— What is being asked —
An image-free, verbatim transcription of the records is the expected result.

+ + + + + + +

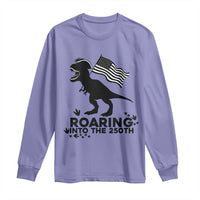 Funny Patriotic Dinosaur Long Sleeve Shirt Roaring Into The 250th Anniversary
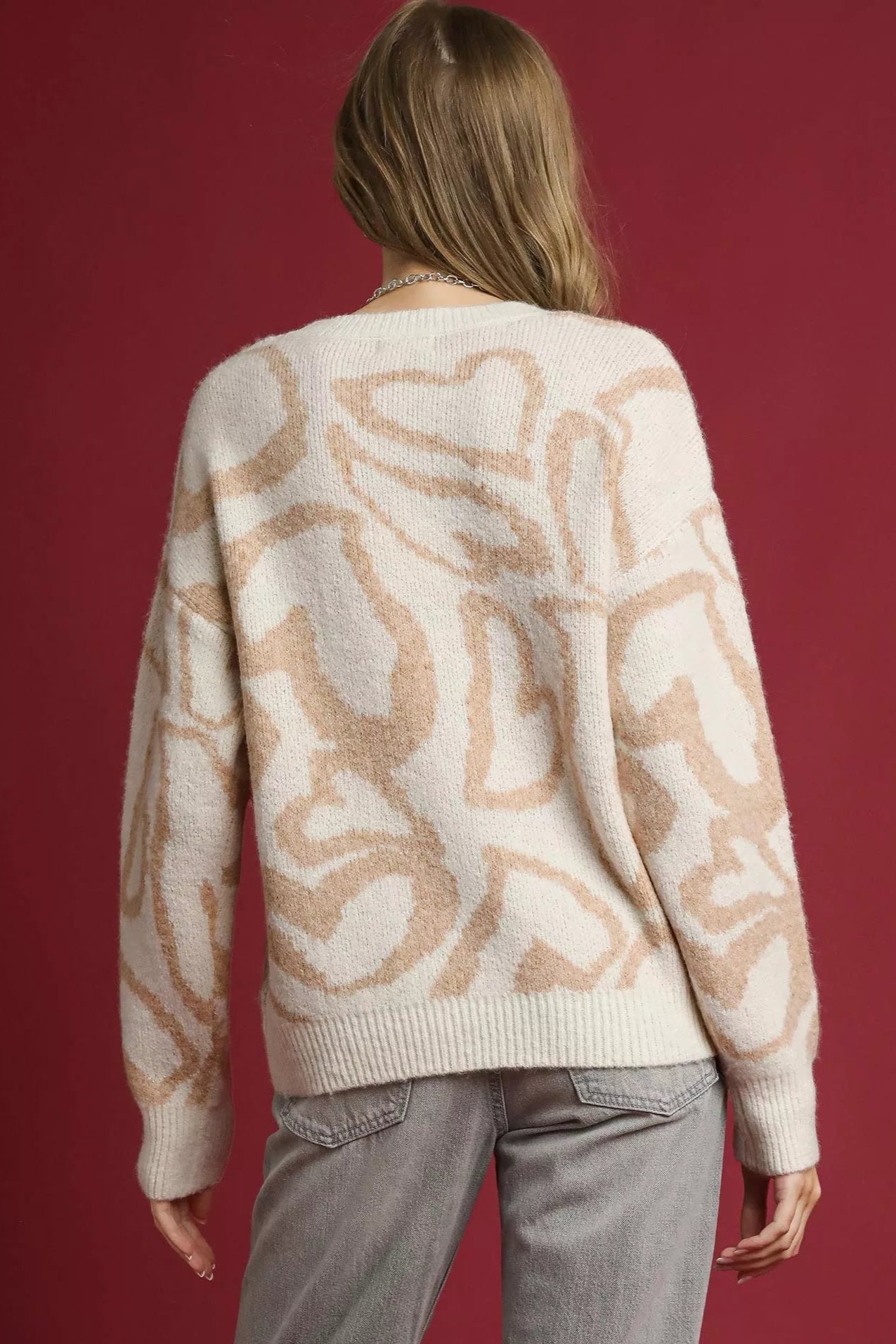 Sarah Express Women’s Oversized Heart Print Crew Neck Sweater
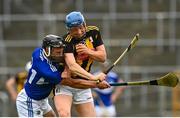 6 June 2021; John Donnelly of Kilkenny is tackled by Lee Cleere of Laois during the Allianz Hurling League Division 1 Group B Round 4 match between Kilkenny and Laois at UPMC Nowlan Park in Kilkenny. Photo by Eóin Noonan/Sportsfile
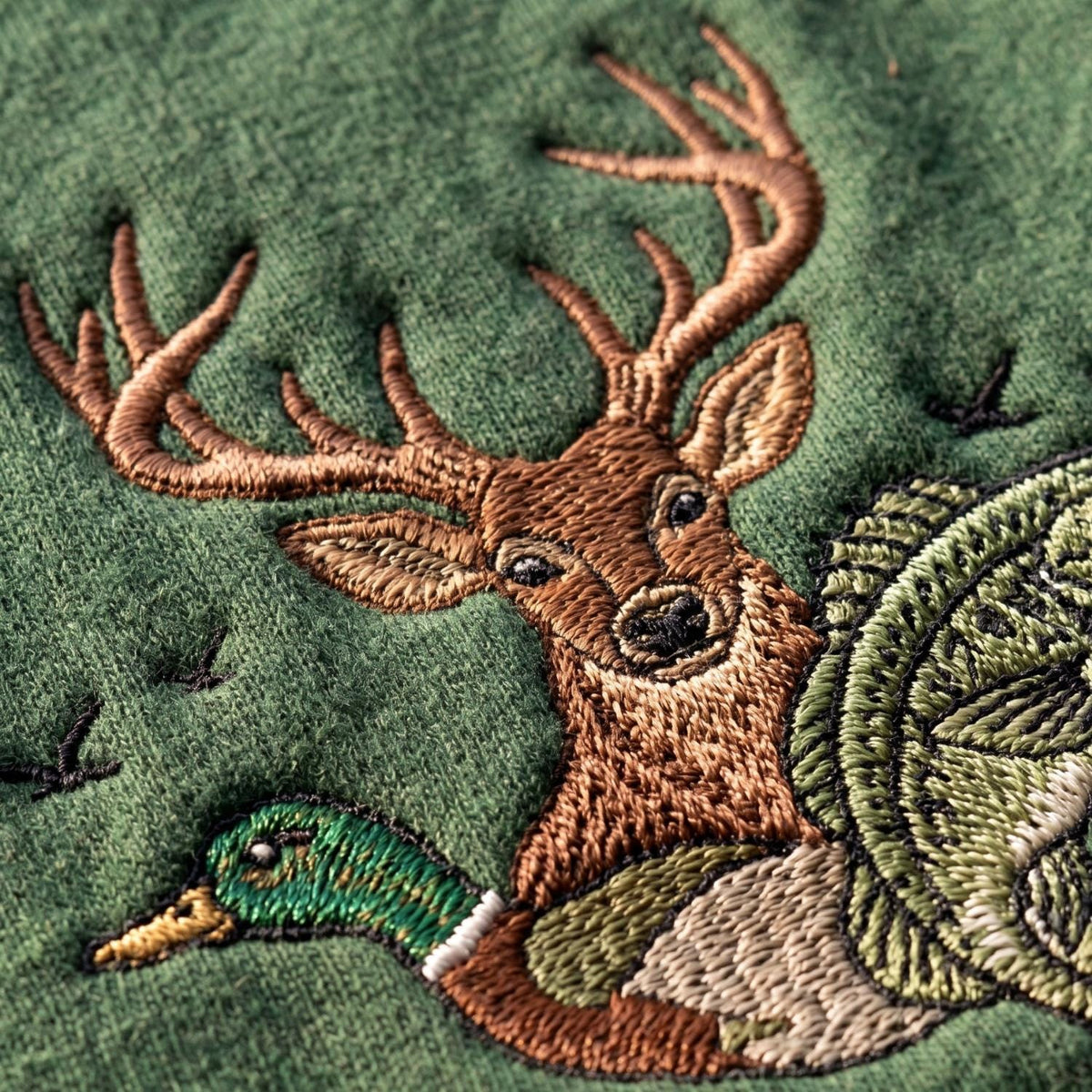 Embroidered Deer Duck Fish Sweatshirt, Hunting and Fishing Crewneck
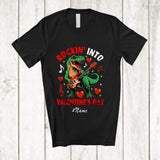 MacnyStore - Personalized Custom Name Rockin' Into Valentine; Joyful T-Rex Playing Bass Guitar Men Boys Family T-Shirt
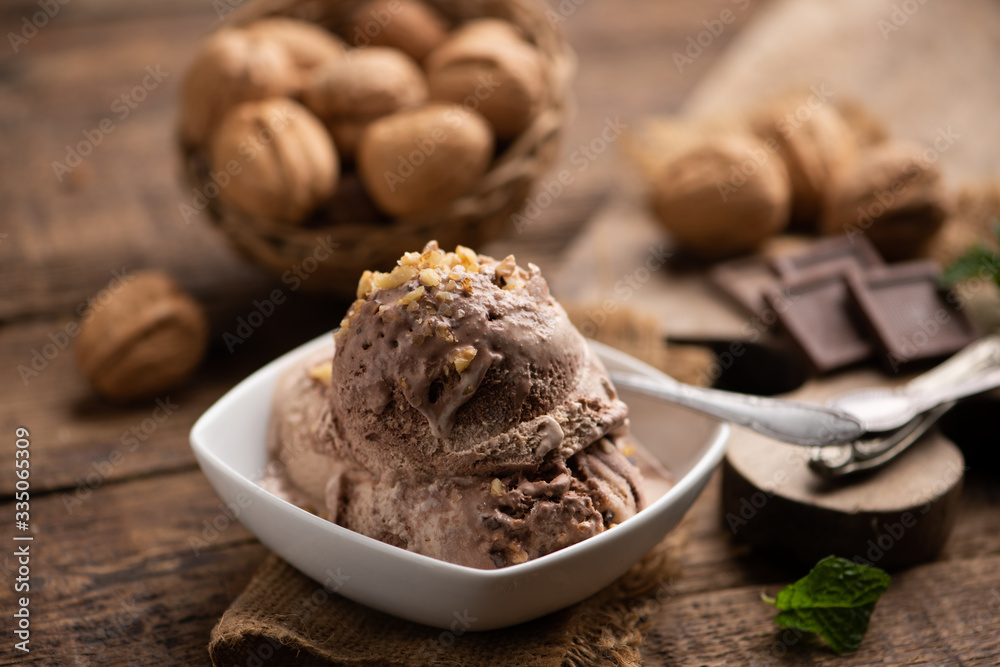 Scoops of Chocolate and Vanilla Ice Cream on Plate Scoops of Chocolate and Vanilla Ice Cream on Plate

+ + + + + + +

— Exercise response —
 Funny Patriotic Dinosaur Long Sleeve Shirt Roaring Into The 250th Anniversary
 Sarah Express Women’s Oversized Heart Print Crew Neck Sweater
 6 June 2021; John Donnelly of Kilkenny is tackled by Lee Cleere of Laois during the Allianz Hurling League Division 1 Group B Round 4 match between Kilkenny and Laois at UPMC Nowlan Park in Kilkenny. Photo by Eóin Noonan/Sportsfile
 Embroidered Deer Duck Fish Sweatshirt, Hunting and Fishing Crewneck
 MacnyStore - Personalized Custom Name Rockin' Into Valentine; Joyful T-Rex Playing Bass Guitar Men Boys Family T-Shirt
 Scoops of Chocolate and Vanilla Ice Cream on Plate Scoops of Chocolate and Vanilla Ice Cream on Plate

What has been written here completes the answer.